What you have to do: Extract precisely the lines that run from the line containing "Toyota RAV4 2.5" to the end of the records below, with both ends included and pictures omitted.

Available data:

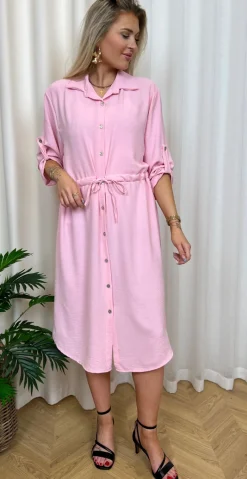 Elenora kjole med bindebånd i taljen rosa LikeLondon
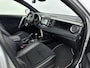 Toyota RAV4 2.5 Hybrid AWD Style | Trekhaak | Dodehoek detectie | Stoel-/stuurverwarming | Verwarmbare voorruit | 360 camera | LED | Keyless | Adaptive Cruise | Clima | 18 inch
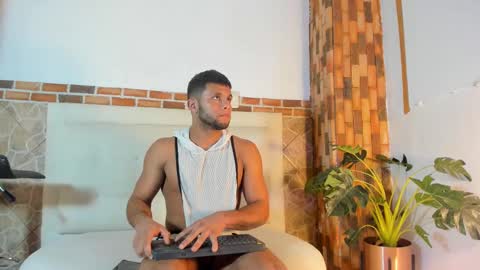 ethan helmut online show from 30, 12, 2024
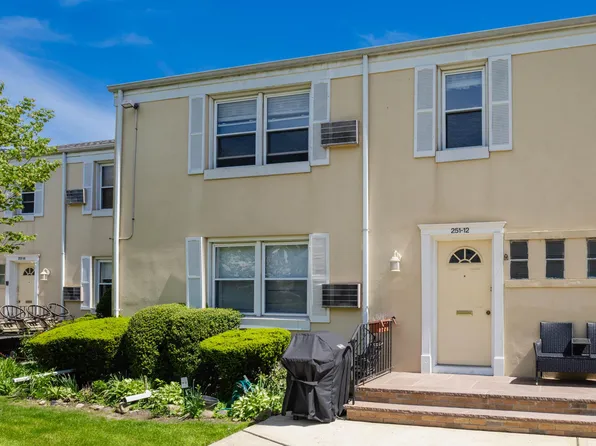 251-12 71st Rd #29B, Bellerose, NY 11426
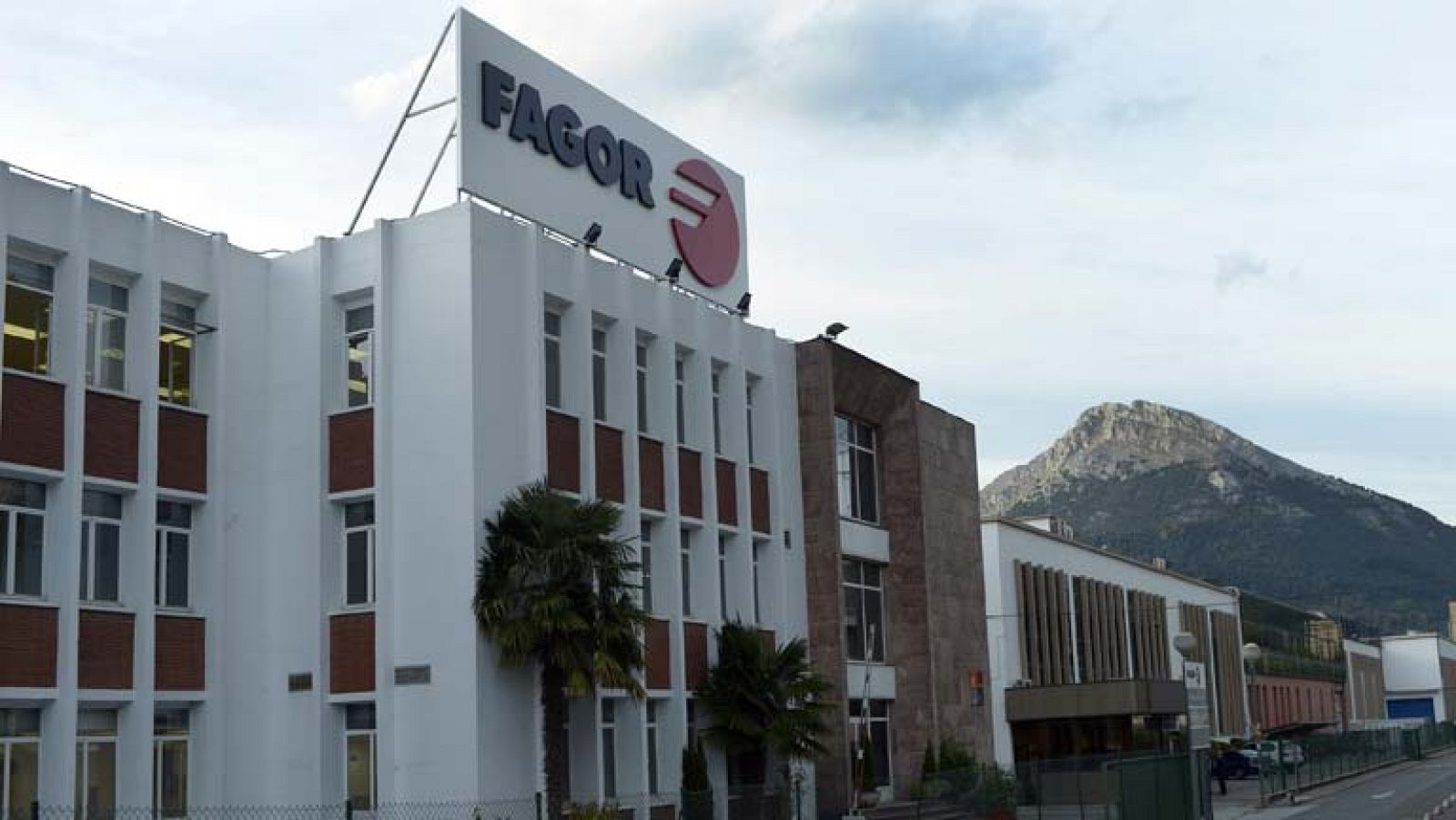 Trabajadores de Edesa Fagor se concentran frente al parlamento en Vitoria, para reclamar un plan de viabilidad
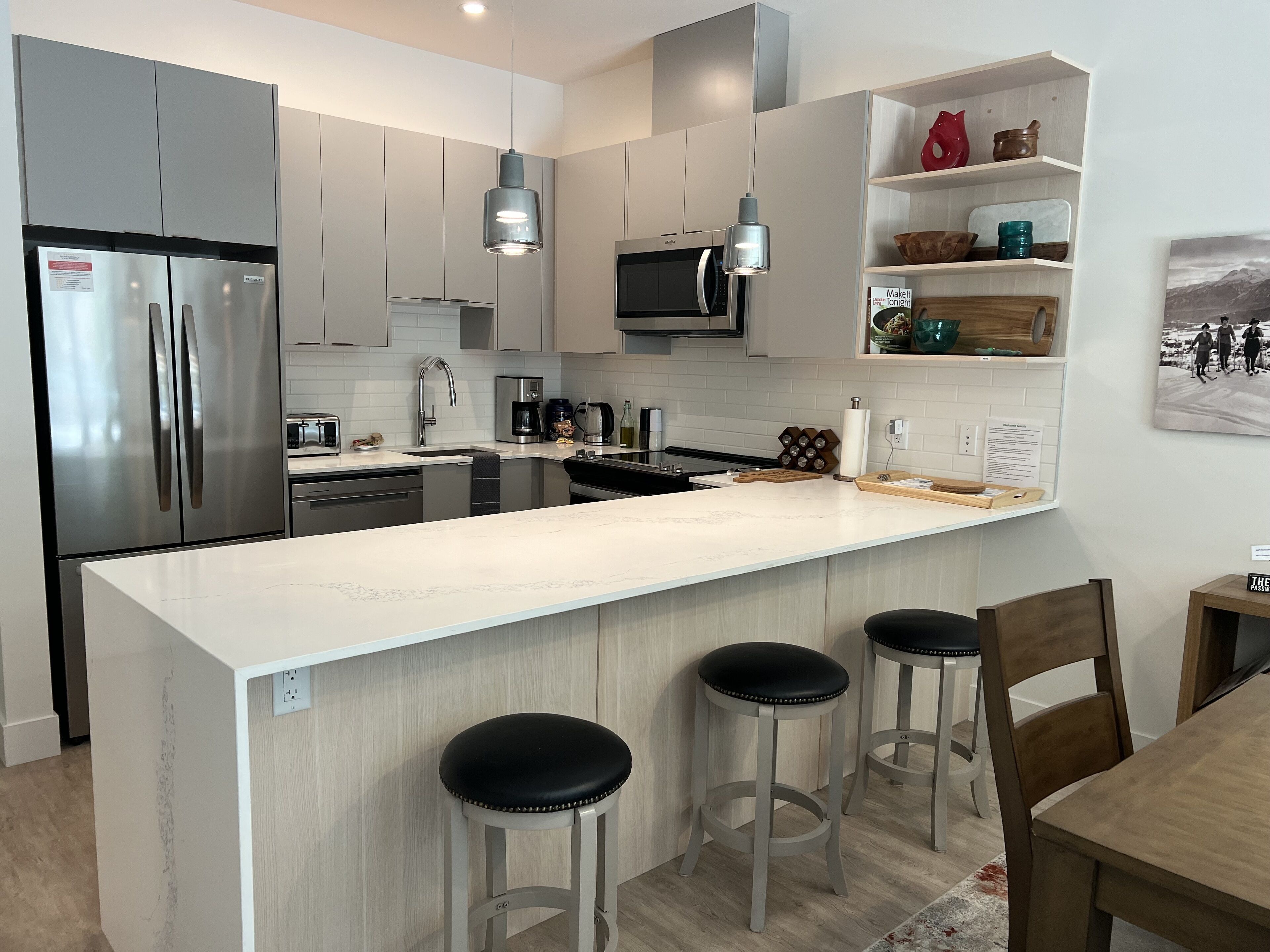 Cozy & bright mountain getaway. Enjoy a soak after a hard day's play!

Completed exercise:
 Toyota RAV4 2.5 Hybrid AWD Style | Trekhaak | Dodehoek detectie | Stoel-/stuurverwarming | Verwarmbare voorruit | 360 camera | LED | Keyless | Adaptive Cruise | Clima | 18 inch
 ethan helmut online show from 30, 12, 2024
 251-12 71st Rd #29B, Bellerose, NY 11426
 Trabajadores de Edesa Fagor se concentran frente al parlamento en Vitoria, para reclamar un plan de viabilidad
 Cozy & bright mountain getaway. Enjoy a soak after a hard day's play!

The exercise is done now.